Hi !
I'm currently working on a custom Neo4j procedure to perform a specialized graph traversal that's not feasible with standard Cypher queries. To optimize performance, I've implemented a multi-threaded solution using ForkJoinPool
. However, this approach has introduced some perplexing bugs that disappear when I remove the multi-threading.
While traversing the graph, i'm retrieving a name
property on some relationships.
The issue is that this implementation raises very strange exceptions:
Property 'name' not found on relationship
Caused by: org.neo4j.exceptions.UnderlyingStorageException: Access to record Node[77753,used=false,created=false,rel=-1,prop=-1,labels=Inline(0x0:[]),light,fixedRefs=false] went out of bounds of the page. The record size is 15 bytes, and the access was at offset 3315 bytes into page 142, and the pages have a capacity of 8192 bytes. The mapped store file in question is /data/databases/neo4j/neostore.nodestore.db
Caused by: org.neo4j.graphdb.NotFoundException: No such property, 'hash'.
Example implementation
This is an example of what the implementation looks like:
package example;
import org.neo4j.graphdb.*;
import org.neo4j.procedure.*;
import org.neo4j.logging.Log;
import java.util.*;
import java.util.concurrent.*;
import java.util.stream.Stream;
public class ParallelTraversalProcedure {
@Context
public Transaction tx;
@Context
public Log log;
private static final ForkJoinPool forkJoinPool = new ForkJoinPool();
@Procedure(value = "example.parallelTraversal", mode = Mode.READ)
@Description("Parallel traversal to reproduce property access bug")

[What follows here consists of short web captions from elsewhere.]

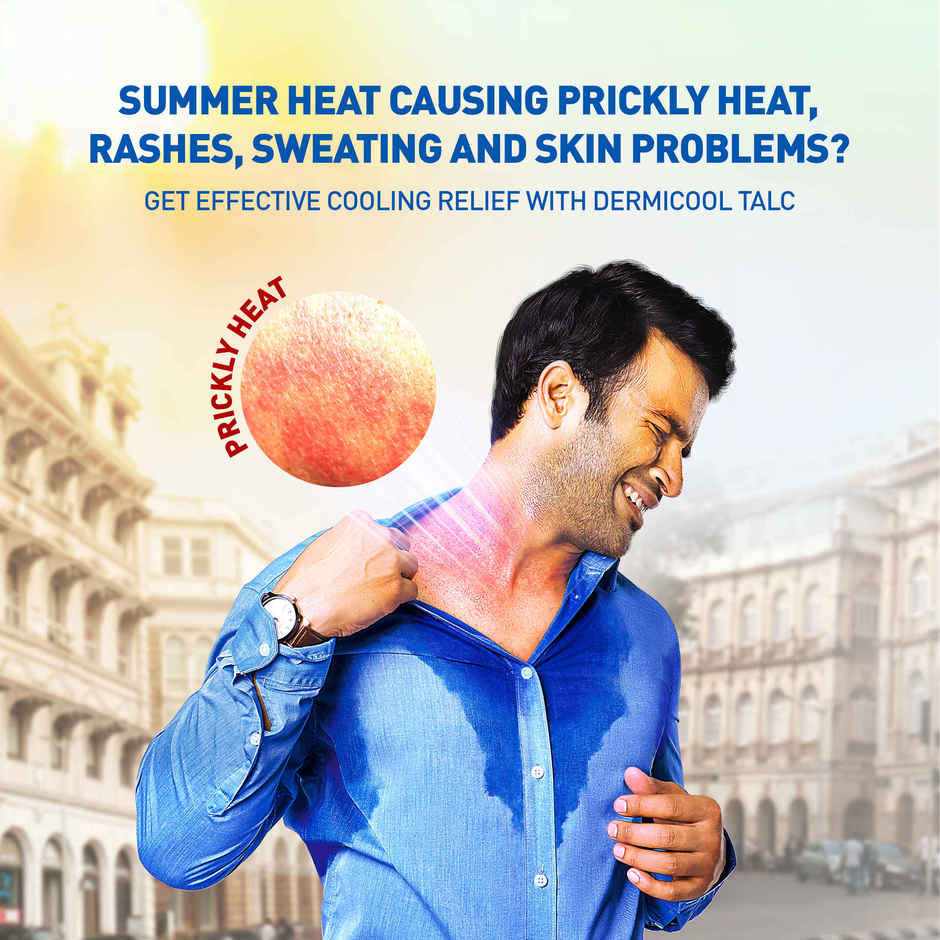 Dermicool Prickly Heat Powder Menthol Regular + Dermicool Free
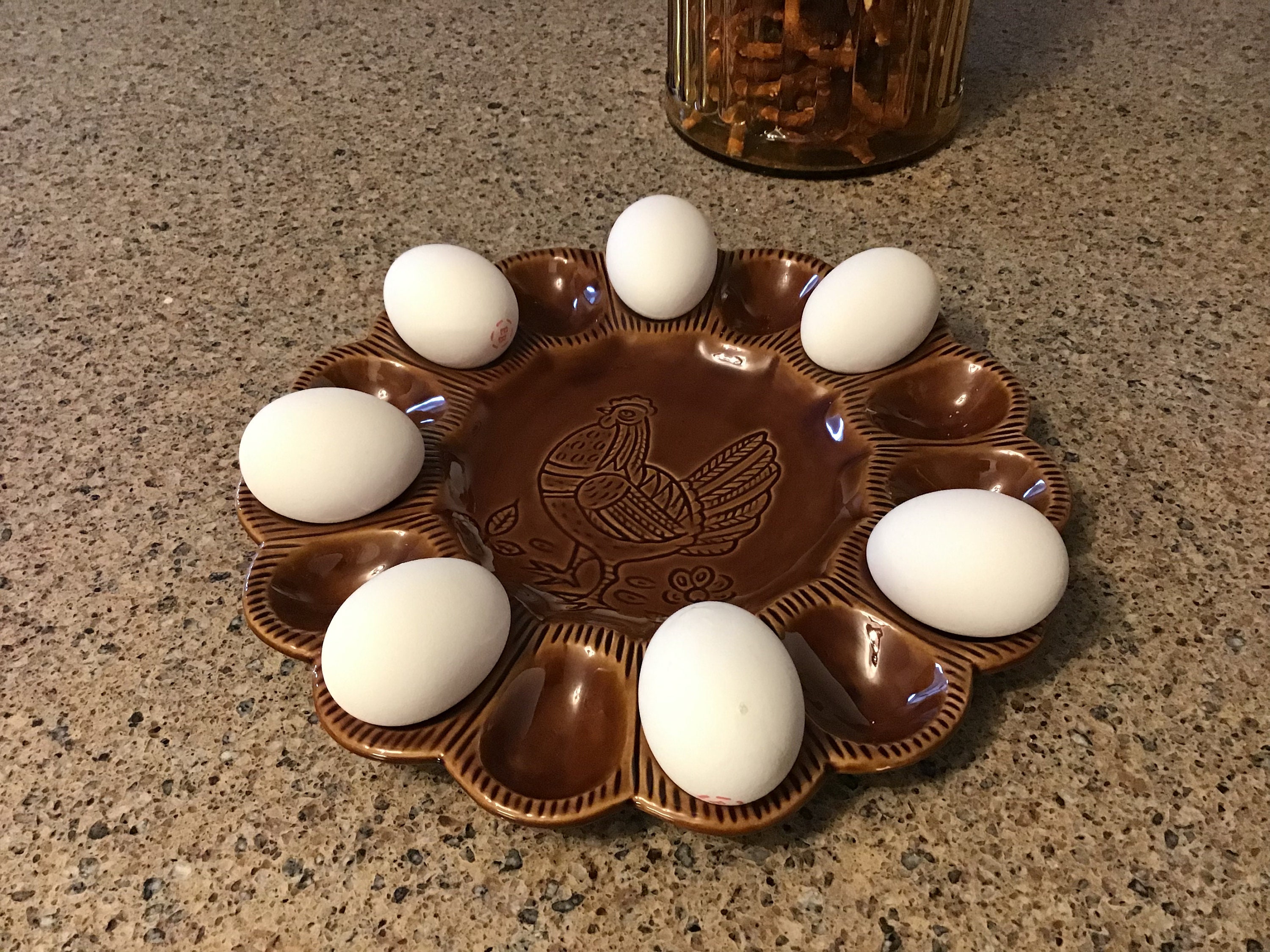 Trays & Platters Dining & Serving Kitchen & Dining Vintage Deviled Egg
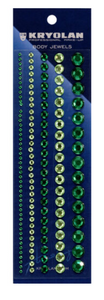 KRYOLAN Body Jewels (Green)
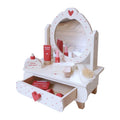 Le Petit Souk - Wooden Toy - Mini Dressing Table - Terracotta Hearts
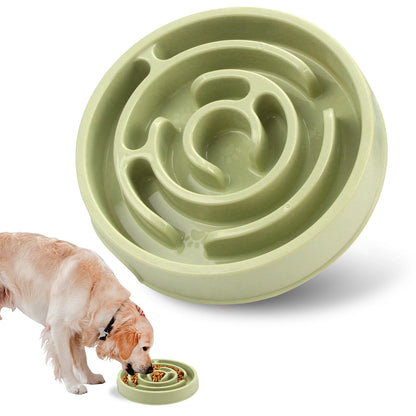 “Dog Slow Feeder Bowl | Non-Slip Anti-Gulping Food Dish for Puppies & Large Dogs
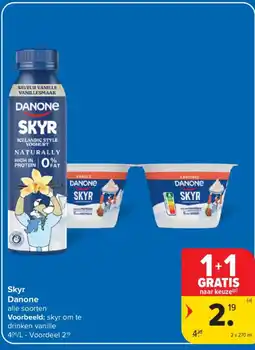 Carrefour Skyr Danone aanbieding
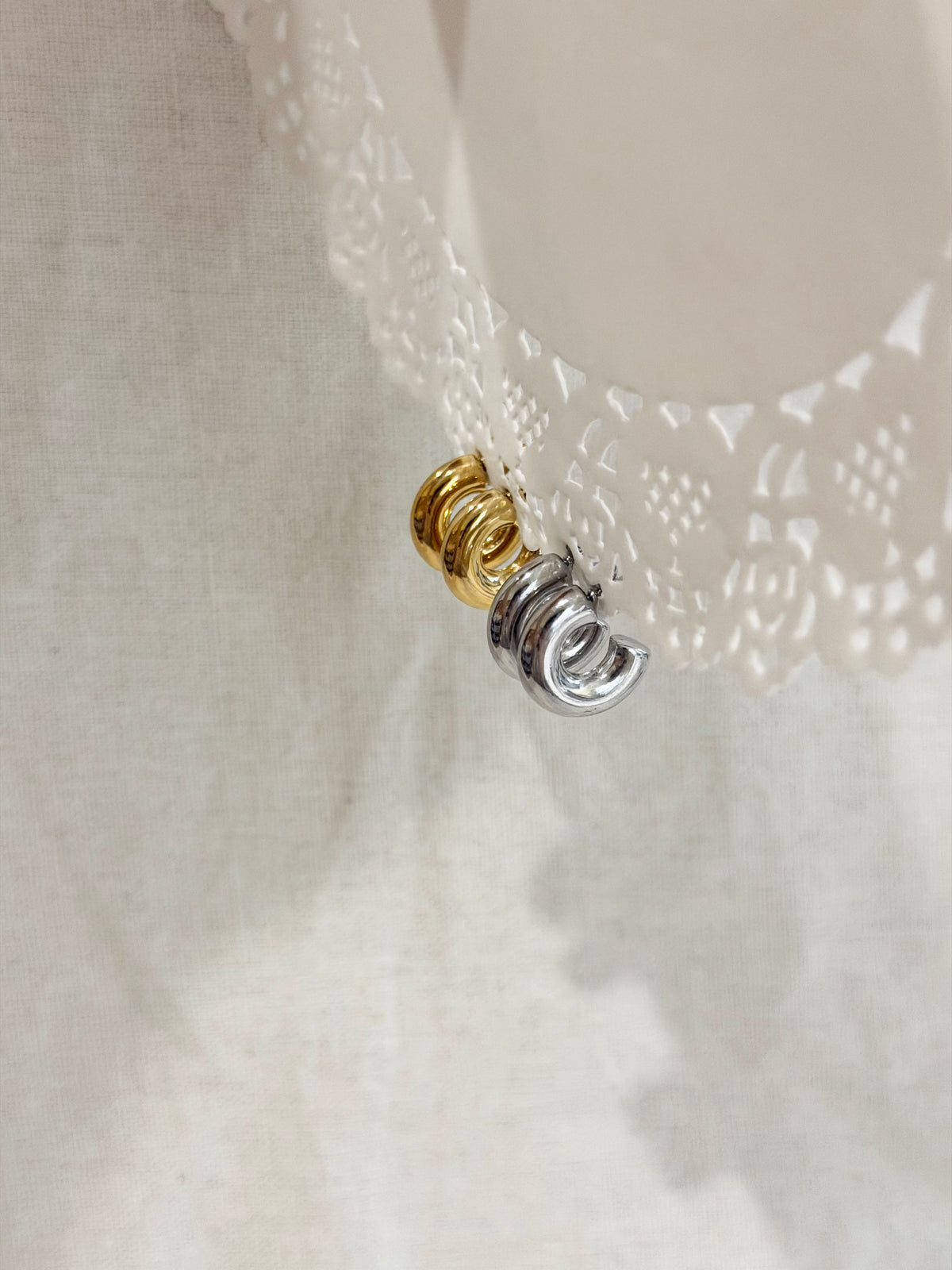 Chunky Huggie Hoops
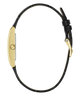 GUESS Archive Alex 90 Black Gold Tone Analog Watch side view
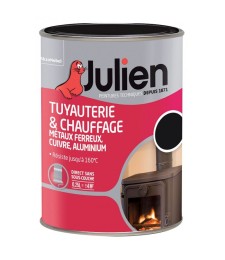 Peinture Tuyauterie et chauffage - Noir Brillant - 250 ml - JULIEN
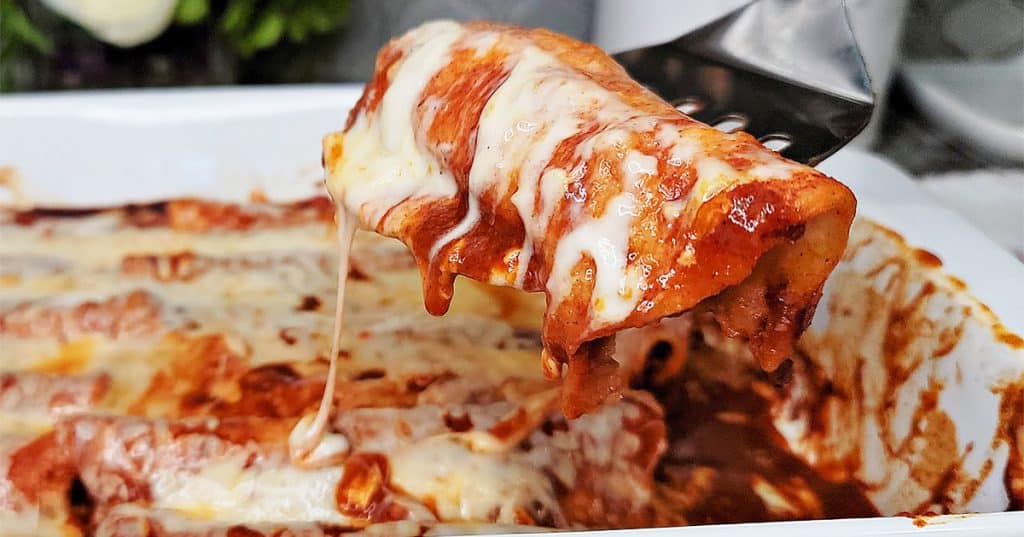 Potato And Cheese Enchilada Recipe - Enchilada Recipes - Meatless Meals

public Stream<TraversalResult> parallelTraversal(
@Name("startNodeId") long startNodeId) {
ConcurrentLinkedQueue<TraversalResult> results = new ConcurrentLinkedQueue<>();
Node startNode = tx.getNodeById(startNodeId);
forkJoinPool.invoke(new TraversalTask(startNode, "", results));
return results.stream();
}
private class TraversalTask extends RecursiveAction {
private final Node node;
private final String path;
private final ConcurrentLinkedQueue<TraversalResult> results;
TraversalTask(Node node, String path, ConcurrentLinkedQueue<TraversalResult> results) {
this.node = node;
this.path = path;
this.results = results;
}
@Override
protected void compute() {
List<TraversalTask> subTasks = new ArrayList<>();
for (Relationship r : node.getRelationships(Direction.OUTGOING)) {
try {
String name = (String) r.getProperty("name");
String newPath = path.isEmpty() ? name : path + "/" + name;
Node childNode = r.getEndNode();
results.add(new TraversalResult(newPath, r.getType().name(), name));
// Create subtask if the child node is a Tree
if (childNode.hasLabel(Label.label("Tree"))) {
subTasks.add(new TraversalTask(childNode, newPath, results));
}
} catch (NotFoundException e) {
log.error("Property 'name' not found on relationship. " +
"Start node ID: " + node.getId() +
", End node ID: " + r.getEndNode().getId() +
", Relationship type: " + r.getType().name());
throw e; // Rethrow to stop the procedure
}
}
invokeAll(subTasks);
}
}
public static class TraversalResult {
public String path;
public String relationType;
public String name;
public TraversalResult(String path, String relationType, String name) {
this.path = path;
this.relationType = relationType;
this.name = name;
}
}
}
So at this point, I don't understand how the graph traversal, even if it's multi-threaded and might have concurrency or synchronization issues, can face a situation where a relationship property is just nowhere to be found ?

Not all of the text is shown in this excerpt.